The Fusion Movement was a political coalition that evolved into the Indiana Republican Party. The Kansas-Nebraska dispute of 1854 triggered an effort in Indiana to bring together such diverse groups as Old Whigs, antislavery Free Soil men, anti-Nebraska Democrats, Know-Nothings, and supporters of temperance legislation. These groups successfully coalesced, temporarily, in the so-called Fusionist movement.

A man sits in a chair next to a table. There is a stack of book and some loose papers on the table and on the floor behind him.
Oliver P. Morton, ca. 1860 Credit: Indiana Historical Society. View Source

The state Fusion convention, which met in Indianapolis in July 1854, called for restoration of the Missouri Compromise and repeal of the Kansas-Nebraska Act and opposed the extension of slavery into the territories. The delegates to the convention nominated an entire slate of candidates for state offices and announced support for candidates in all of Indiana’s 11 congressional districts. The Fusion ticket, running under the banner of the People’s party, captured state offices by margins of about 13,000 votes and won 9 of the 11 congressional seats. Fusionists won overwhelmingly in the northern two-thirds of the state.
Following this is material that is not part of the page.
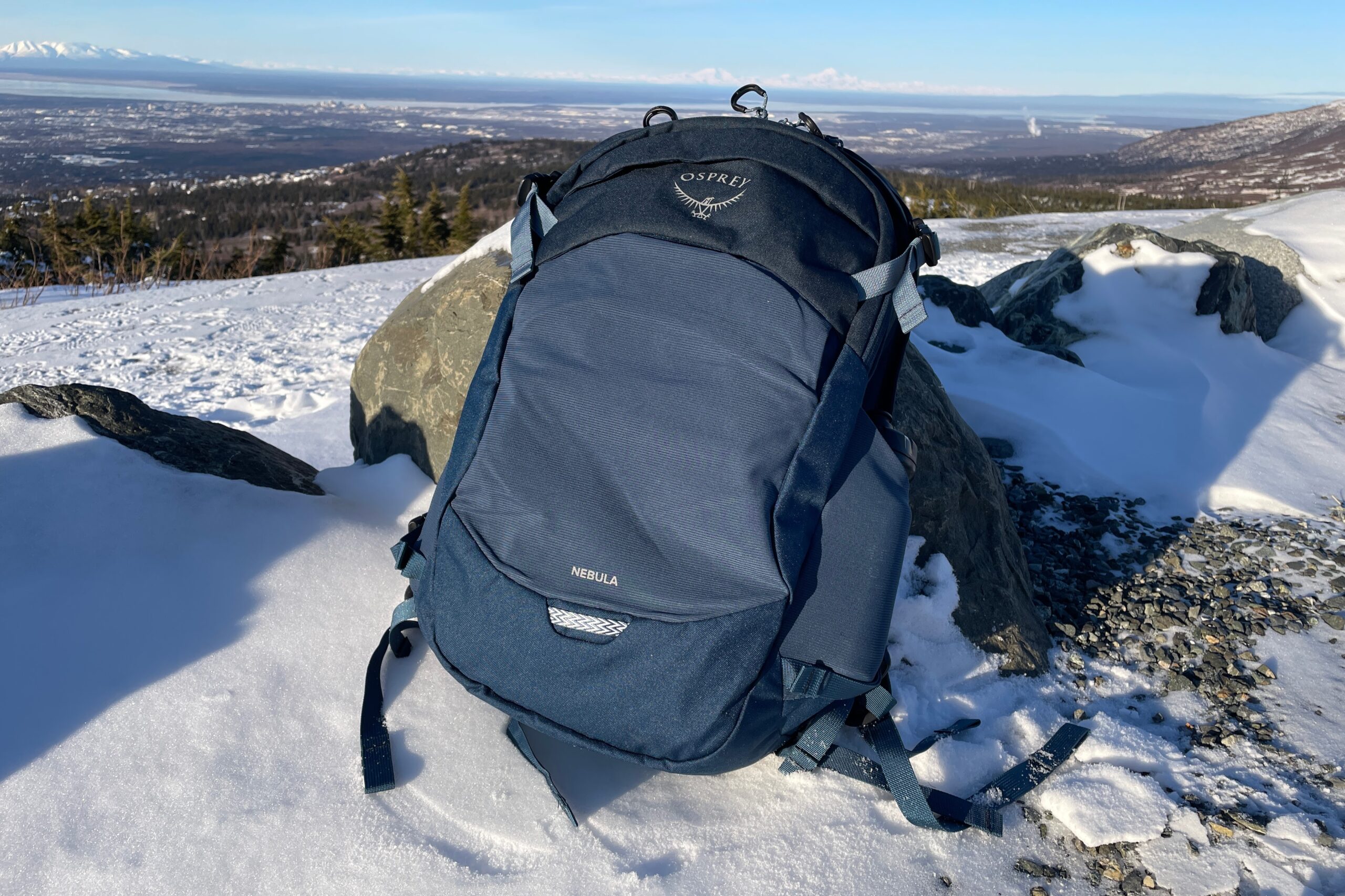 A blue backpack rests against a rock with a mountain view.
In 1856, an effort was made to hold together the coalition that had won so decisively two years before. The People’s Party continued to oppose the Kansas-Nebraska Act and sent delegates to the first Republican national convention in Philadelphia. At the state convention, the Fusionists selected Oliver P. Morton (a Democrat until 1854) as their nominee for governor.

In spite of Morton’s intense and able campaign, Democrat Ashbel Willard defeated him by nearly 6,000 votes. The Democrats won back four and retained two congressional seats, while People’s Party candidates were successful in five districts.

But the emerging German vote, especially in Marion County, moved toward the People’s Party in 1856 and became a critical factor in Republican victories in the future (see Germans In Politics). Fusion was thus a transitional stage that provided a vehicle for many politically disaffected individuals in the mid-1850s to find their way into the emerging Republican Party.